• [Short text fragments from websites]
::::
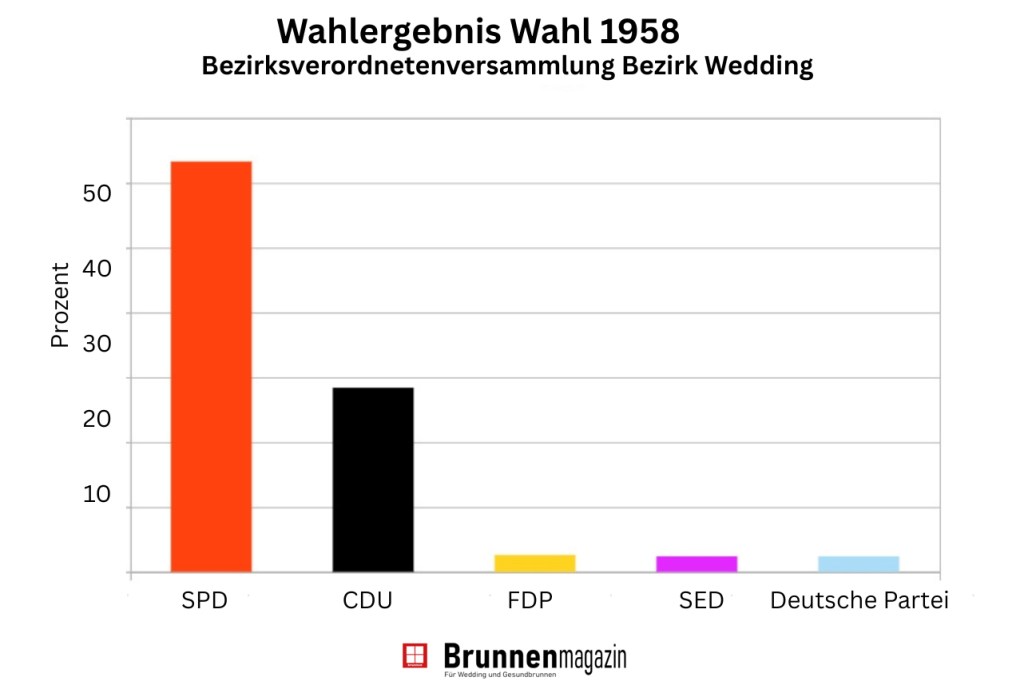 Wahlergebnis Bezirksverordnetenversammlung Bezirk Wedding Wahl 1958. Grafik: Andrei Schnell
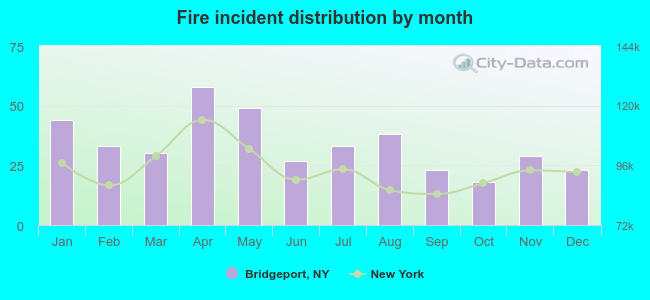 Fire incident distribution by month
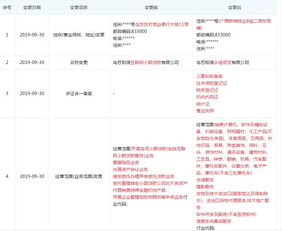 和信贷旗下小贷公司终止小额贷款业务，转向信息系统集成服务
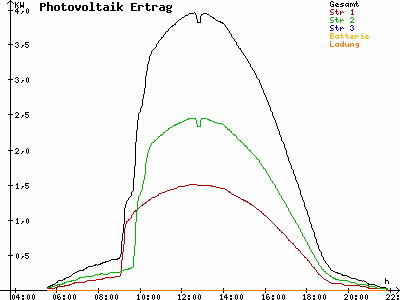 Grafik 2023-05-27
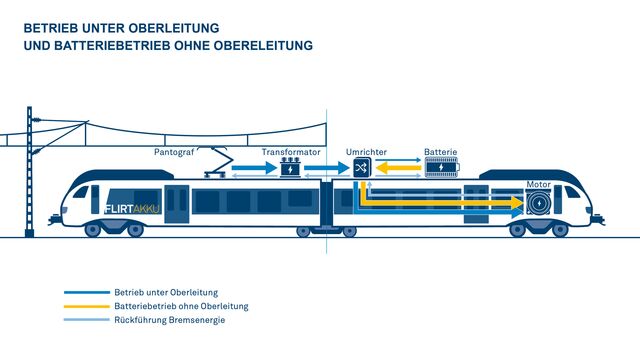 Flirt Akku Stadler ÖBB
::::
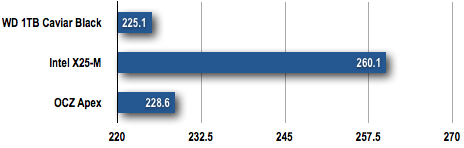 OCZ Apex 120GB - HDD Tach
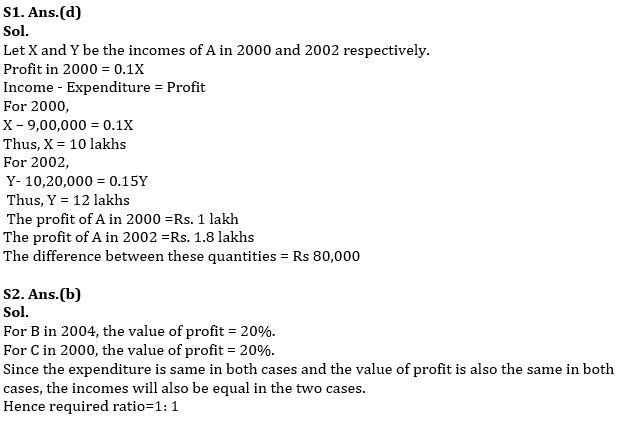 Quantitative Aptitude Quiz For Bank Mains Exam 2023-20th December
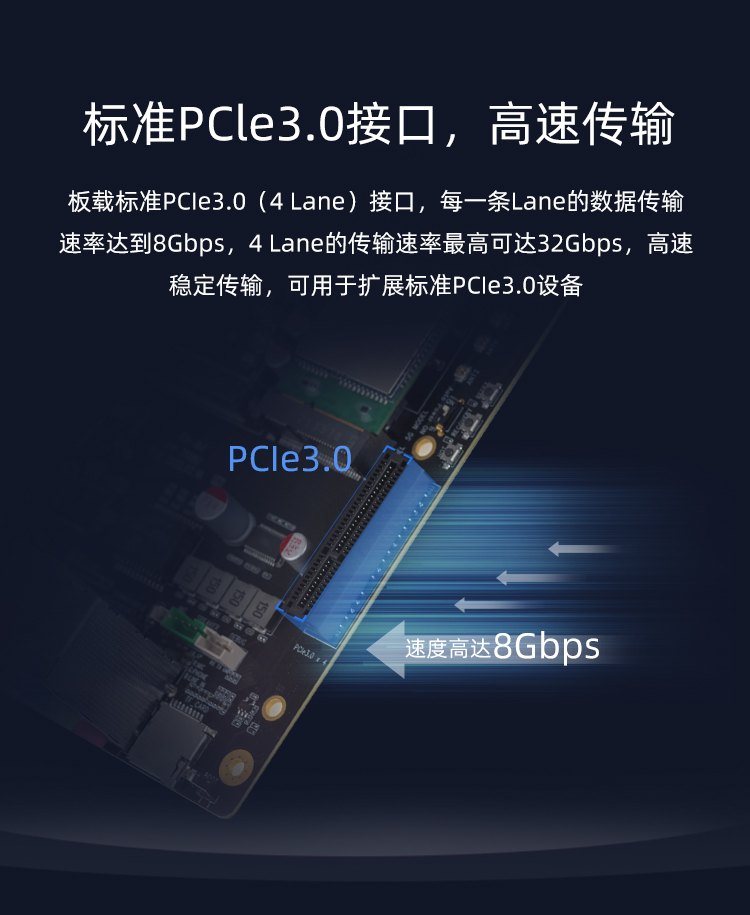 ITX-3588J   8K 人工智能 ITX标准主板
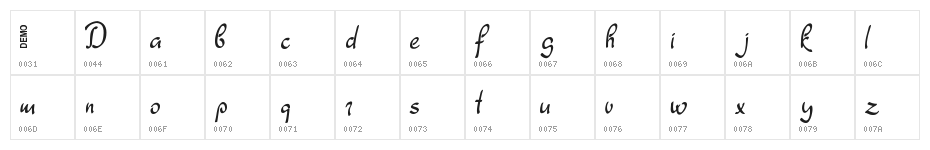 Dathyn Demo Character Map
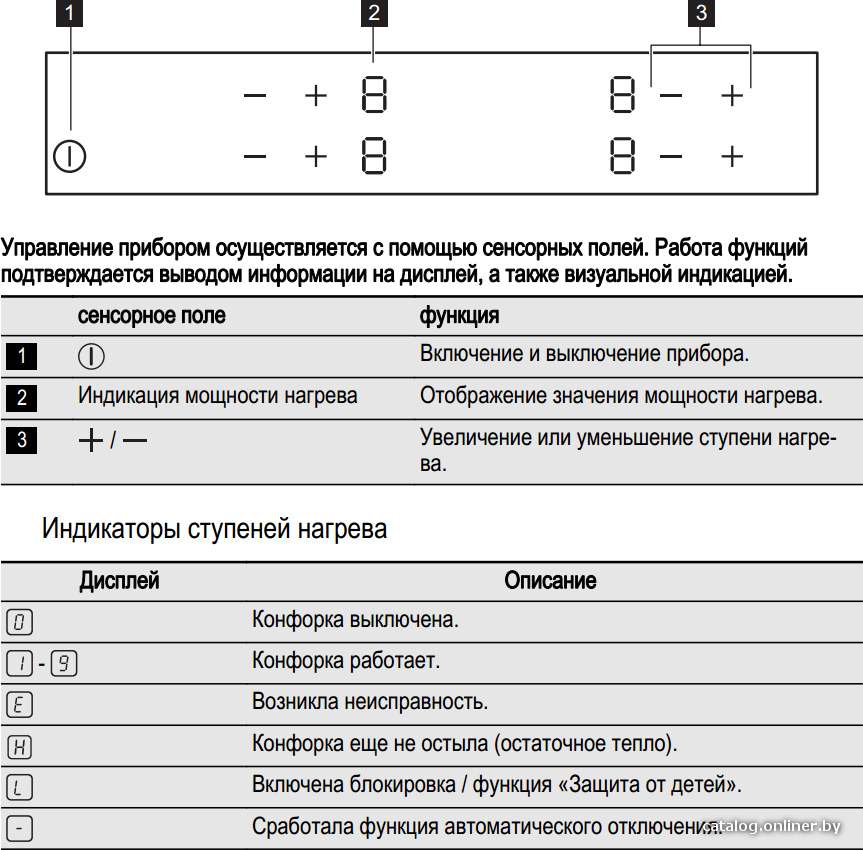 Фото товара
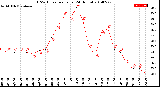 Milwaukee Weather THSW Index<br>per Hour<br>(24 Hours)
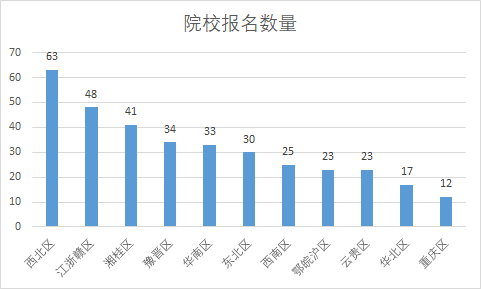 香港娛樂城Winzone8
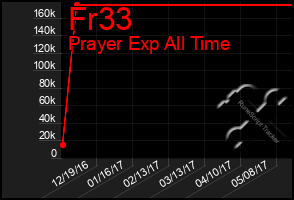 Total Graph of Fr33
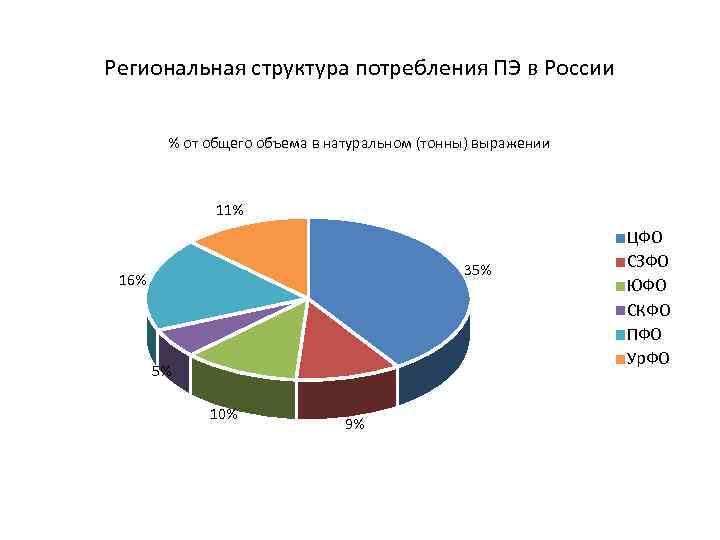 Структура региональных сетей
::::
• [What you will do] Between and including the line with "Quantitative Aptitude Quiz" and the line with "Структура региональных сетей", repeat every line exactly as it appears above, with pictures left out.

• [Output of the exercise]
 Quantitative Aptitude Quiz For Bank Mains Exam 2023-20th December
 ITX-3588J   8K 人工智能 ITX标准主板
 Dathyn Demo Character Map
 Фото товара
 Milwaukee Weather THSW Index<br>per Hour<br>(24 Hours)
 香港娛樂城Winzone8
 Total Graph of Fr33
 Структура региональных сетей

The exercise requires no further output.